Uno no dice, por ejemplo, vaya fiasco de crisis, de paisaje
o paisanaje, con la misma expresión en el rostro que si dijera, qué gloria, cuánta
paz o viva la madre que nos parió. En absoluto. El rostro nos delata el ánimo,
añadiéndole un elemento gestual que modifica el lenguaje, que lo complementa, refuerza
o niega. Cuántas veces algún matiz en el rictus -o en el fulgor del ojo-
contradice el sentido literal de las frases trocándolas en otra cosa. Una
ironía, un sarcasmo, un sálvese quien pueda o esto es lo que hay, pero yo no me
lo creo.
Así las cosas, hay que concluir que el lenguaje escrito en
la letra neutra de la imprenta resulta siempre tan inacabado que, merced al
sarpullido de las sugerencias y los tropos, queremos que el lector nos complete.

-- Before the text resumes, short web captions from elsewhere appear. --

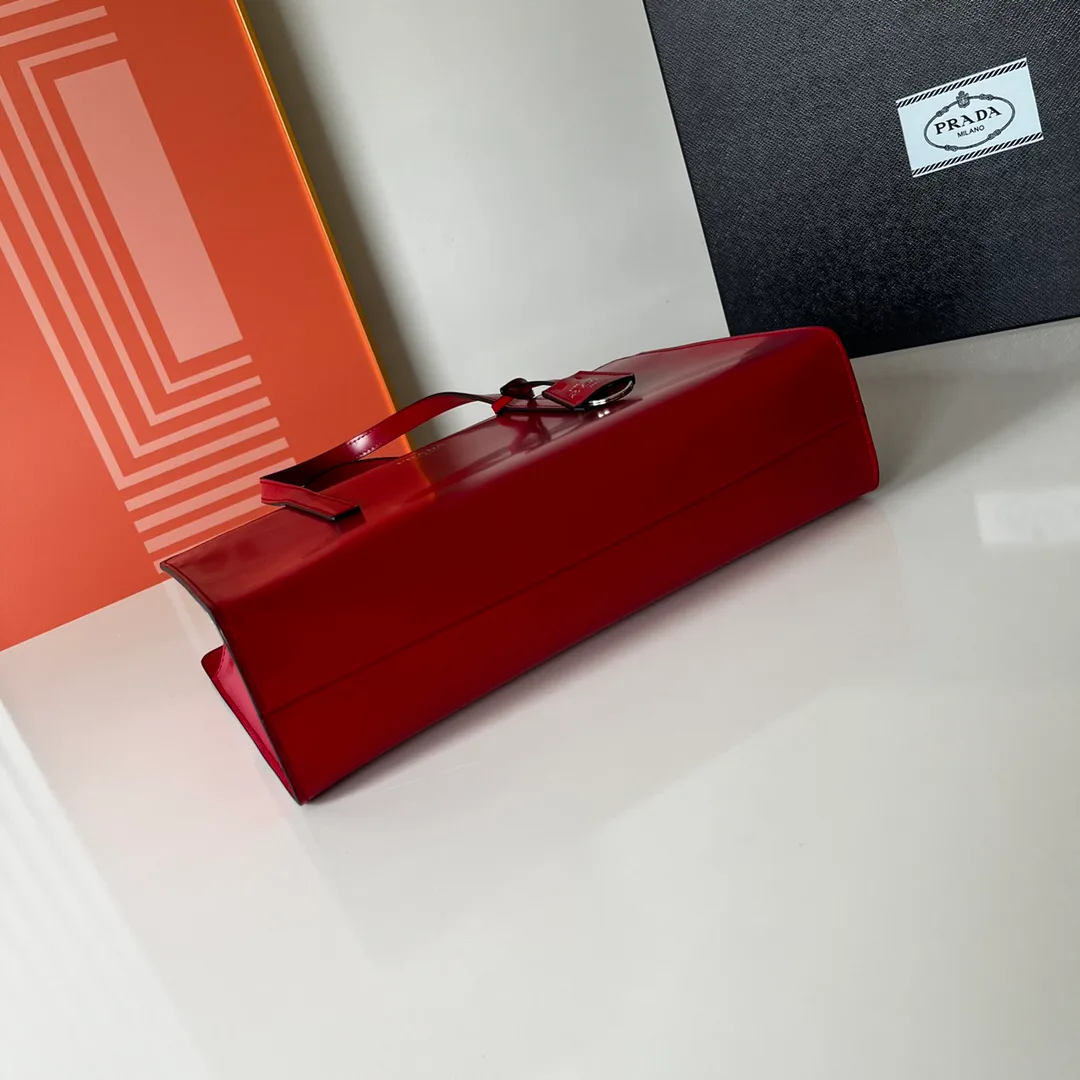 Классические Сумки Женские Prada 6950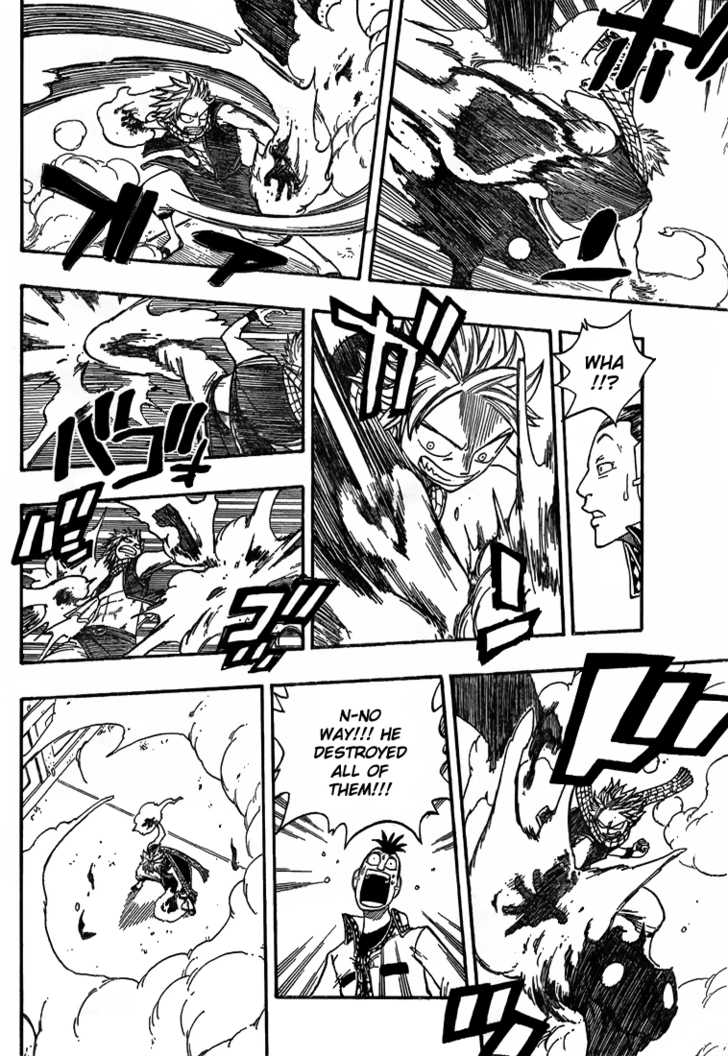 Fairy Tail Vol.03 Chapter 016 page 12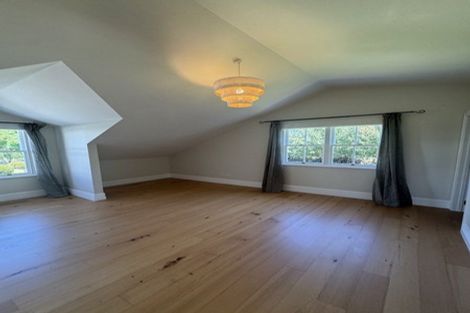 Photo of property in 36 James Mackie Road, Helensville, 0875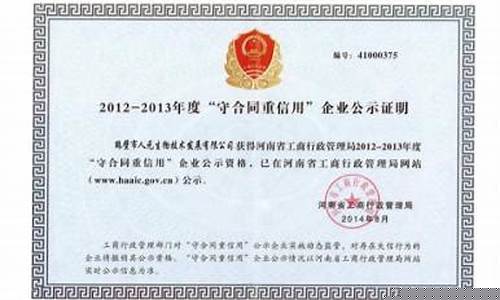 最新菠菜导航：菠菜社区论坛(2021菠菜论坛)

Pero a su aire. A su riesgo.
No se trata, pues, de que nos restauren, como en el eccehomo
(que así debe escribirse, según la Fundación del Español Urgente) de Borja, ahora
de Cecilia Giménez, sino de que nos
traduzcan. Y que en esa traición nos reconozcamos. ¿Cómo describir entonces lo
que vemos? Veámoslo. Prietas las filas y las señeras en el Colegio Público Puig
de Na Fàtima, Puigpunyent, nos invade cierta desazón, que ni disimulamos. ¿Por
qué? Conviene que nos intuyan el gesto para que en este universo de apariencias
todo quede en lo que es. Anécdota. Ficción. Máscara.